Ross Feller Casey has won a record-setting $6.25 million settlement for a Philadelphia man who was wrongly convicted and spent 21 years behind bars for a crime he didn’t commit.
The settlement with the city of Philadelphia comes a year after Ross Feller Casey filed a federal wrongful imprisonment lawsuit on behalf of Terrance Lewis, alleging wide-ranging police misconduct, including witness coercion, false testimony, and evidence that was hidden from the defense.
The settlement is the largest ever in Pennsylvania for an exoneration case that didn’t involve DNA evidence.
In a statement announcing the settlement, Robert Ross, a founding partner of Ross Feller Casey, and Ross Feller Casey lawyer Kevin Harden, Jr., lauded the city for making “a serious effort to compensate Terrance Lewis.”

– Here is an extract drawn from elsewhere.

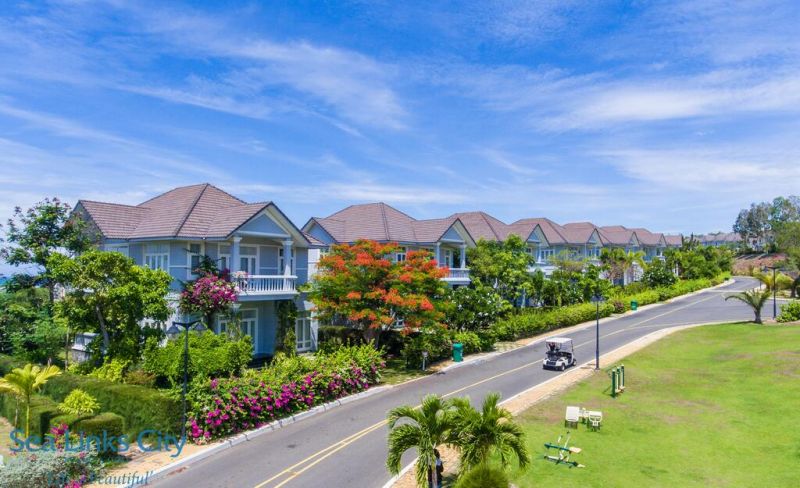SEA LINKS BEACH VILLAS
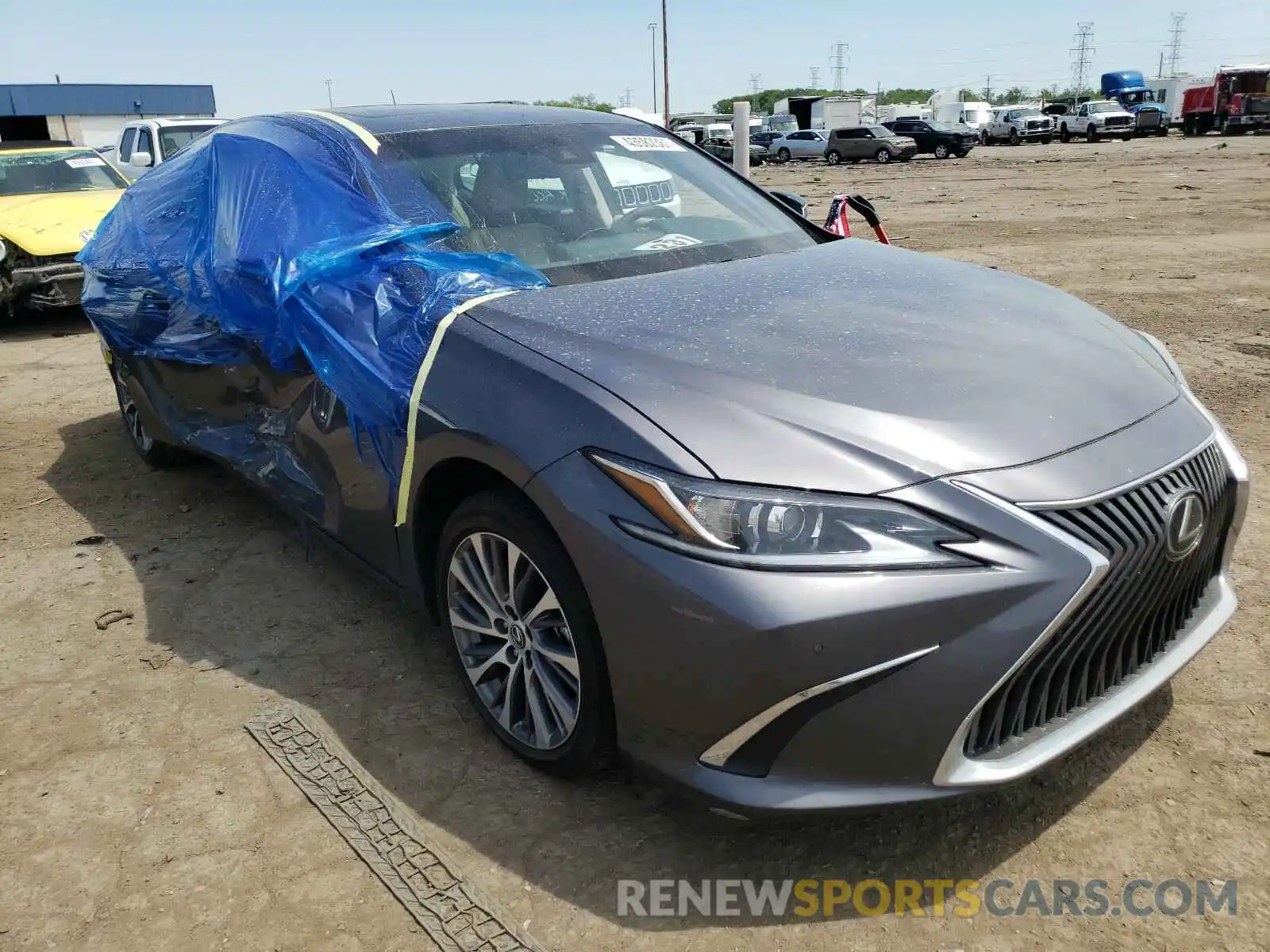 1 Photograph of a damaged car 58ADZ1B16LU077900 LEXUS ES350 2020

“Although no amount of money will give Mr. Lewis his life back, this settlement will help Terrance re-establish connections in his community and continue his work helping others who have been wrongfully convicted and remain imprisoned. We are hopeful that this resolution will serve as a starting point for future reforms and are grateful to conclude this chapter of Mr. Lewis’ life,” Ross and Harden said.
In 1999, Lewis was sentenced to life in prison after being falsely convicted of having a role in a murder three years earlier in West Philadelphia. He was a teenager when he first entered prison. In all, he spent 21 years, five months and five days in prison before he was eventually released in 2019. A judge who was reviewing the conviction threw it out, and prosecutors then decided not to retry the case, acknowledging the case against Lewis was a miscarriage of justice.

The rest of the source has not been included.